As for Robert Vincent’s Life In Easy Steps: when I reviewed this I said it was the best album I’ve received in 12 years of writing CD reviews and still think that’s the case.
As a body of work — in fact as a work of art in the broadest sense — it’s hard to see how it could be bettered. It’s just really, really well done. I can’t find fault with this in any way. Vincent has it all: great voice, strong tunes, good arrangements, clever lyrics. If you want a downside, he’s got no distinctive “sound” or track that leaps out and it’s downbeat. His voice reminded me in tone and delivery of Del Amitri’s Justin Currie and musically his country-tinged pop is a bit Travelling Wilburys, a bit Beatles in places. This would be my 2013 recommendation to all fans of folk/ballads/thoughtful pop — and country.
For the rockers, Belgium’s Triggerfinger and their All This Dancin’ Around have been on rotation all year, especially since I saw them supporting the much-less-exciting Rolling Stones at Hyde Park. They play QOTSA-style blues rock. They are dudes.

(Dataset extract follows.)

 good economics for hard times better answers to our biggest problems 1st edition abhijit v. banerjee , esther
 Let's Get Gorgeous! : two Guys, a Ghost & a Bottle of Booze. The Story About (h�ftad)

Finally — and this is from last year — any fans of ambient or atmospheric music should buy Land Observations Roman Roads IV-XI. James Brooks, who is Land Observations, has a day job teaching art and is interesting in cartography. Roman roads are obviously mappable — though many roads that are claimed to be Roman, aren’t — and apparently likes the idea that Roman roads exist (they’re there somewhere) and don’t, as they’re under modern roads. This is an electronic album more akin to Steve Hillage’s Rainbow Dome Musick than the more famous road-based composition from Krafwerk. It’s contemplative and gentle and, despite its electronic-ness makes me think of fields and hedges every time we play it, which is often.
On the year’s other albums, Foals Holy Fire proved that Foals can do no wrong. Another Belgium band, Balthazar, turned in a fine pop album with Rats.
For prog fans, Steven Wilson’s The Raven That Refused To Sing And Other Stories has been played a lot, well after I stopped reviewing it.
I’d also like to mention Steve Martin and Edie Brickell Love Has Come For You: Martin is now a world-class banjo player and this album saw him turn aside from joking altogether.
Finally, depressing release of the year: Andy T and Life At Tether’s End. Andy is a punk poet and vents the anger that other bands merely mutter platitudes about. Never mind album sales, he struggled to even get the album reviewed, despite the fact that it contains a track called “I Still Hate Thatcher!” and came out just before she died. Its failure is a depressing testament to X Factor Britain. It’s a good album though; if you want to know about punk or the 70s, or think effective poetry has to use long words and be clever, buy it.